Random Number Generation Part II – Some Data Analysis

Following on from my last post, I’ve been trying to read the voltage values that are generated from the random number generator I put together. I was initially using an arduino unit so I could control the voltage output down to below 1 volt. Ultimately I want to read the values with an ESP8266 unit running micropython so I can upload the values to an internet based data logger and the ESP8266 is only 1 volt tolerant on its analog-to-digital pin. So, the voltage has to be controlled and I didn’t mind blowing up one of my arduinos (which are 5 volt tolerant). The voltage divider is now composed of a 10k resistor from positive rail to analog out and a 1k resistor from analog out to ground.

The ardunio was giving me readings up to about 180 unit out of 1024 which gives about 180/1024 * 5V = 0.8789 volts… nice and safe.

Reading these voltages with the ESP8266 gave some interesting results. The code to do this was very simple:

from machine import ADC

import time
adc = ADC(0)            # create ADC object on ADC pin

for i in range(1000000):
    print(adc.read(), end=',')

This reads a voltage every 10 milliseconds from the analog pin and reports one million of them. It took about 2.8 hours and the output was redirected to a file of type csv with this command on my mac:

ampy --port /dev/tty.SLAB_USBtoUART run readanalog.py > avalanche_noise.csv

‘ampy’ is a nice program from Adafruit, which you can learn more about here.

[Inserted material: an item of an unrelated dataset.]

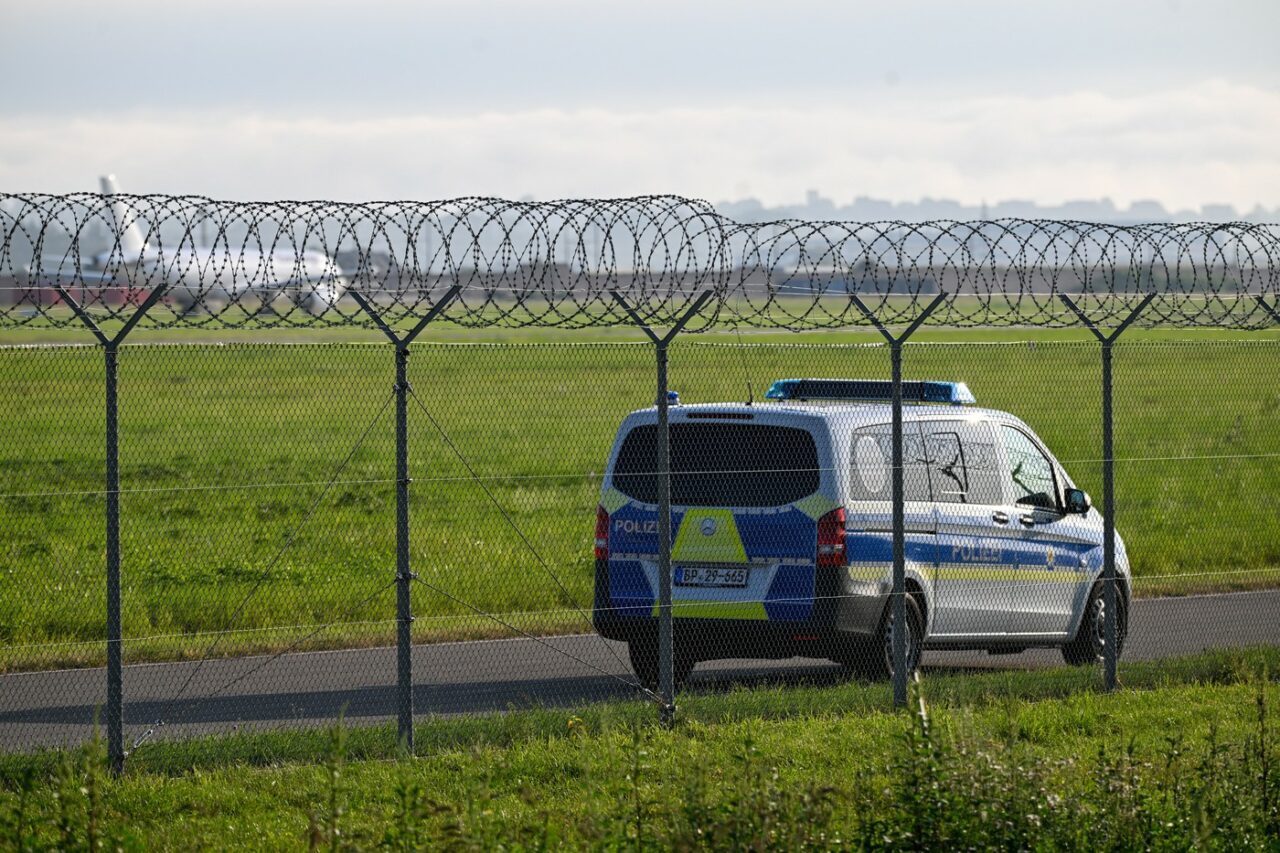 Noi proteste ale activiștilor ecologiști pe aeroporturi din GERMANIA /Zeci de curse aeriene au fost afectate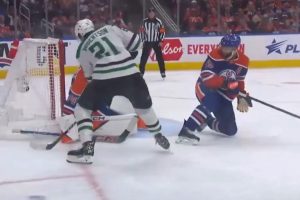 Oilers Fall to Stars in Game 3 After Rollercoaster Performance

I then analyzed this data in python using the jupyter web interface. A histogram plot of the values looks like this:

The values range from 135 to 674 with a mean of ~292.6. This distribution is obviously skewed too so it’s not gaussian distributed – maybe Poisson?  But the most striking thing is the lines of empty space (no blue) – is this a plotting problem or are certain values skipped during the reads? Well lets zoom in around the top of the distribution.

So its true, some values are just never recorded. Its hard to believe the voltages from the circuit would do this. Also, its clear from the numbers that every 12th value is skipped. I think this must be an error in the way micropython reads the register so I’ll probably post this somewhere in the micropython forums and see if this is true or if I’m just doing something wrong.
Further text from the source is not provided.